While playing cricket for England against India in front of a crowd of 120,000, my mindset failed under pressure. It was interesting that up until that point, most of my coaching had been technical and very little focus had been on shaping our mindset.
Our team hardly mentioned the huge crowd, we just carried on as if it was normal. Speaking to the players several years later, most said their thinking was affected by it in some way on the day. So perhaps one of the signs of mental toughness is not being robotic and impervious to pressure but having the ability to show vulnerability with our teams so that we can create a bullet proof plan.
Despite my mistake under pressure probably costing England the match, it fuelled my fascination to understand more about champion performers so that I could simplify and share their secrets.
I went in search of the best leaders in sport to ask them how they would solve the most stubborn performance questions. Here are three game changing leadership insights from our interview library for you to consider with your team.
1. What comes first – process or people?
In a world teaming with data, models and analytics it’s easy to focus on the processes before the people but as England rugby coach Stuart Lancaster explains this could be a big mistake “What really tests your culture is when you have setbacks or an extended period of adversity, so I believe that you need to focus on building solid foundation between people first rather than the ‘what we are going to do’ because that may deliver a short term win but your team will ultimately fall apart under pressure if your culture isn’t strong.”

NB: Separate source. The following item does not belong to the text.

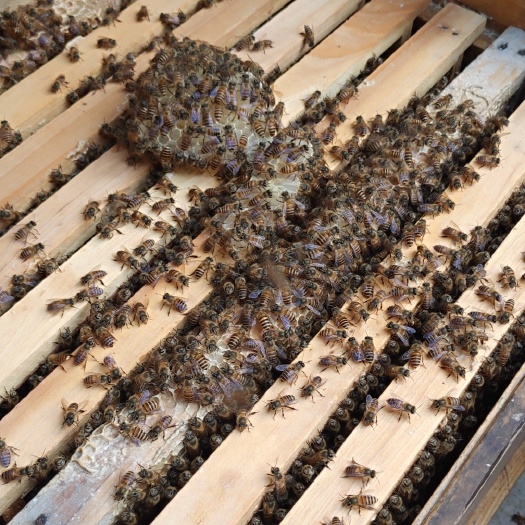 高州市 出售中蜂蜂群，本地优良品种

Is your team culture strong enough to withstand a period of adversity?
2. Does the perfect team culture exist?
Sir Dave Brailsford is widely renowned as one of the world’s greatest coaches following his unparalleled success with GB Cycling and Team Sky in the Tour De France. When Sporting Edge interviewed him to investigate this seemingly ‘perfect’ team culture, his answer was revealing. “If you put enough humans in a room for long enough there will be conflict, I used to try and make everything perfect but it’s impossible, you have to accept that there is a background noise in the team and if you do have a cosy environment with complete harmony then maybe you are not pushing hard enough.”
Many leaders work hard to create a friendly team environment but it’s the teams which harness constructive task focussed conflict which really deliver great results.
Do you encourage strong task focussed debate within in your team?
3. How do we sustain success?
Baroness Sue Campbell has been a successful coach and business woman with UK sport for over three decades and her insight is as relevant to leaders in the board room as they are in the dressing room “If you want long term success, your job as a leader is to provide the safe place to go when things are not very good, where people feel supported and valued. Then I think you also have to be strong at the right times, to challenge people to become the very best that they can be.”
How can you balance support and challenge for long term success in your business?
The secrets from these high performing sporting environments are fascinating and with the analysis, the setbacks and the pressure for results, the links between sport and business have never been so clear.
So are your individual performers aware of the pressures which lie ahead of them and does your team proactively discuss these potential derailers. In sport there is no hiding place as the game is coming and the cameras are primed.
In a world of increasing pressure, will your team survive?